Marvin Bristol Rosenberry was born February 12, 1868, in Ohio and grew up on a farm in Michigan. Upon graduating from the University of Michigan Law School in 1893, he settled in Wausau, Wisconsin, and opened his own law office. He was a skilled lawyer and a vigorous advocate, even to the extent of defending himself physically on occasion.

Governor Emmanuel L. Hilipp appointed Rosenberry, 48, to the state Supreme Court on February 12, 1916, to replace Justice John Barnes who was resigning form the Supreme Court.

In 1919, Rosenberry ran for election to a 10-year term, which he won. He won re-election in 1929 and 1939. Rosenberry became the chief justice in 1929 and served in that capacity for 21 years, longer than any other chief justice. In 1950, at age 82, he retired from the Supreme Court.

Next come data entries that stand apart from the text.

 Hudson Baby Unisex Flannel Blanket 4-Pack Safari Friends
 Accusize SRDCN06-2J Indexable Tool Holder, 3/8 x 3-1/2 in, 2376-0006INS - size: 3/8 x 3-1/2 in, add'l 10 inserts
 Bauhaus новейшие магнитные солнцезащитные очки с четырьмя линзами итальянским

During his 34 years on the bench, he participated in approximately 11,000 cases. He opinions span 91 volumes of the Wisconsin Reports. He believed that “justice delayed is justice denied” and seldom granted requdests for postponement.

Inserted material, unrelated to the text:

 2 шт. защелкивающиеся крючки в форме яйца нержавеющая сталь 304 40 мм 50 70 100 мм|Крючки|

An avid outdoorsman, Rosenberry enjoyed hunting, fishing and hiking. He was responsible for establishing miles of hiking trails [Star Lake Trampers Trails] in northern Wisconsin. He contributed much of his time and talents to the Boy Scouts of America, earning the highest awards given to adult scout leaders.

Rosenberry and his wife Kate Landfair had three children: Florence, Katherine and Samuel. As an attorney, Rosenberry tried cases before the Wisconsin Supreme Court. One time, he brought his young son to observe. On the train ride home, Rosenberry asked Samuel what he thought of the oral argument. Samuel replied, “They holler a lot and pound the table.”

Upon Kate’s death, he married Lois Matthews, dean of women and professor of history at the University of Wisconsin. Following retirement from the bench, Rosenberry practiced law until a few weeks before his death on Februry 15, 1958, at age 90.